> **EXERCISE PROMPT**
Transcribe only the lines in the data below falling between the line with "Không nên lái" and the line with "W poniedziałek 28", including those two lines, and leave out any picture.

> **GIVEN RECORDS**

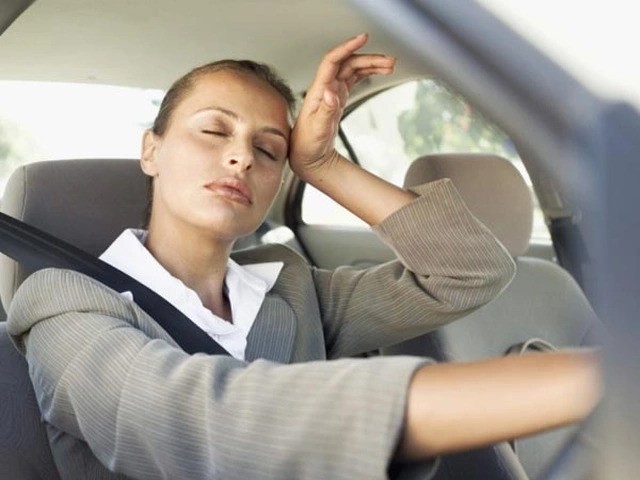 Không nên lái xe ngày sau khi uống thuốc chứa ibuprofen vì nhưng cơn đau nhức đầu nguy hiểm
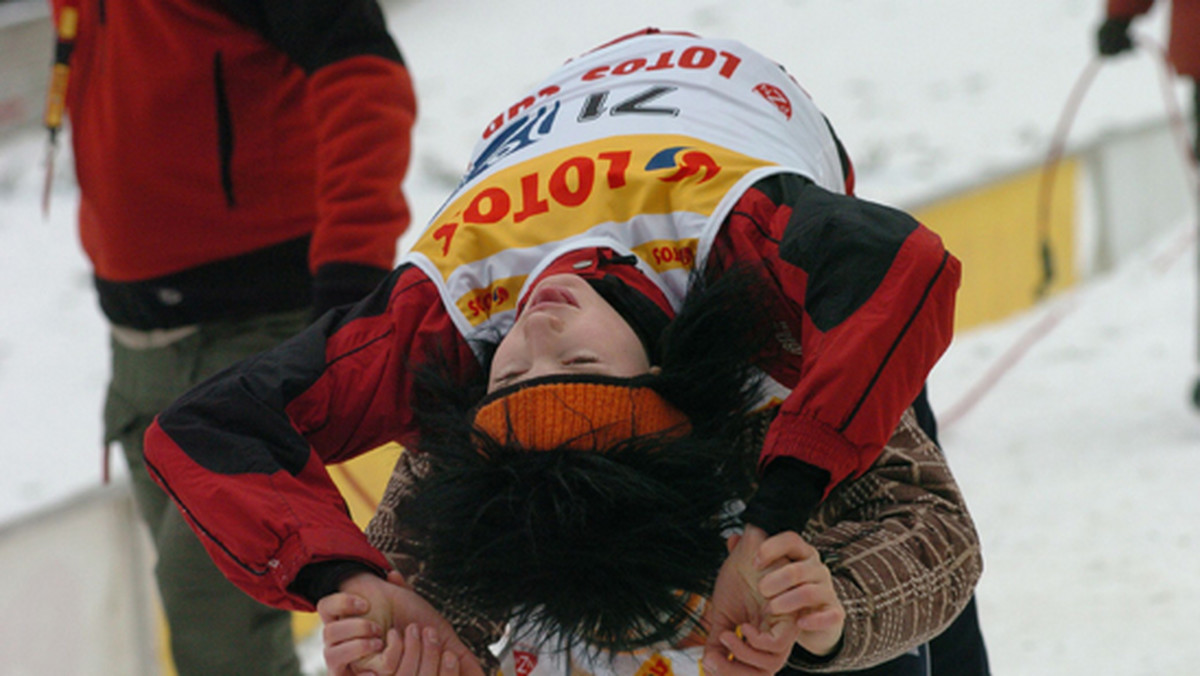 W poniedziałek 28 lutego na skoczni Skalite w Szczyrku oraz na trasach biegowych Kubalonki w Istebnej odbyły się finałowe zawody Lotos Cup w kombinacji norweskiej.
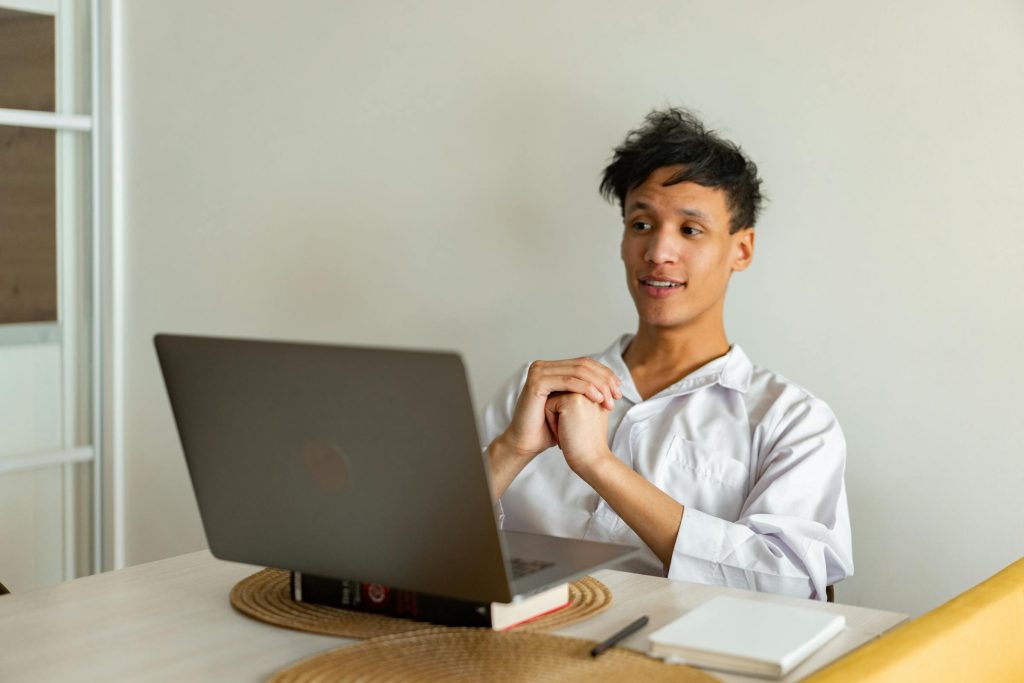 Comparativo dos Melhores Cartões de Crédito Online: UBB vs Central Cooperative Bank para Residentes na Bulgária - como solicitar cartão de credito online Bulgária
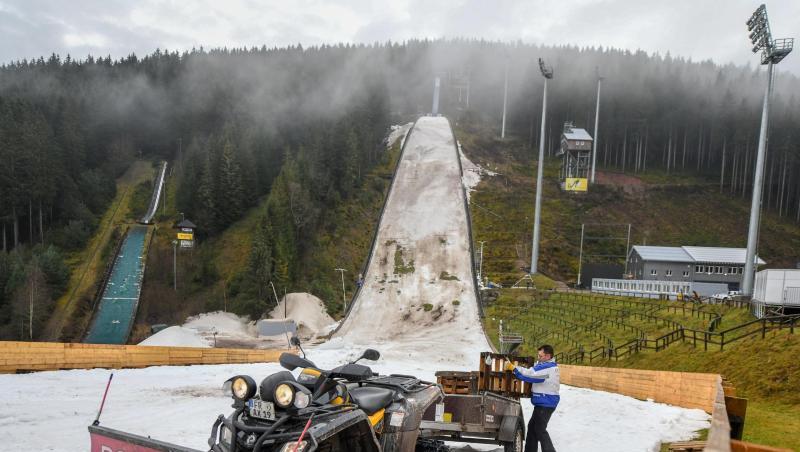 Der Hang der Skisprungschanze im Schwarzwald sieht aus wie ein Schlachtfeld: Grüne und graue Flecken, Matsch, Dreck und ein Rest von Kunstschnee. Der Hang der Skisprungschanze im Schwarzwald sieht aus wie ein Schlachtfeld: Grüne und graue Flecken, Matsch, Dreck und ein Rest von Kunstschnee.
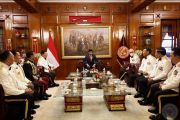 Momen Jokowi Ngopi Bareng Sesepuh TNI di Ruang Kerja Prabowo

--

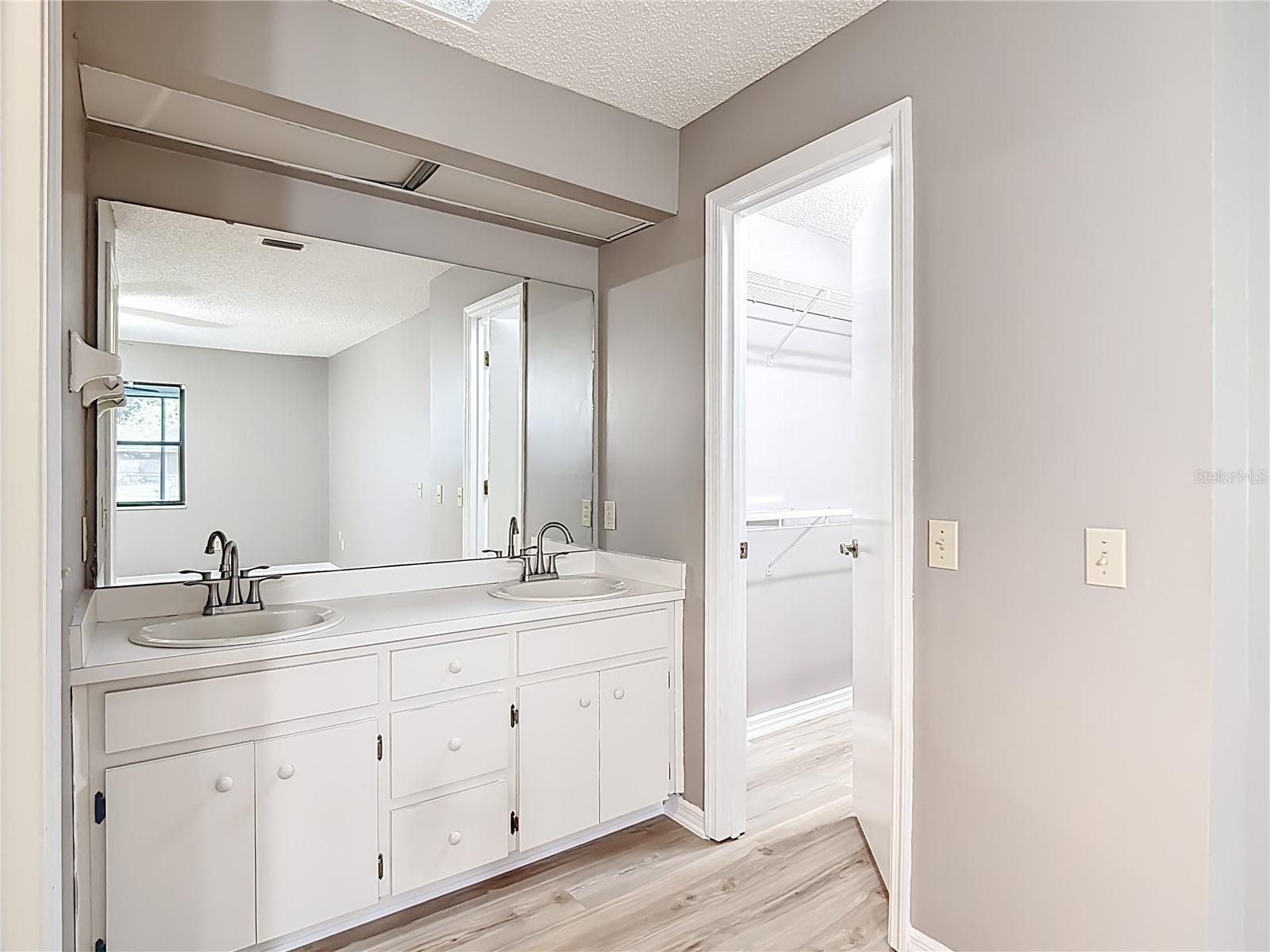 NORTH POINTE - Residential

> **YOUR SOLUTION**
 Không nên lái xe ngày sau khi uống thuốc chứa ibuprofen vì nhưng cơn đau nhức đầu nguy hiểm
 W poniedziałek 28 lutego na skoczni Skalite w Szczyrku oraz na trasach biegowych Kubalonki w Istebnej odbyły się finałowe zawody Lotos Cup w kombinacji norweskiej.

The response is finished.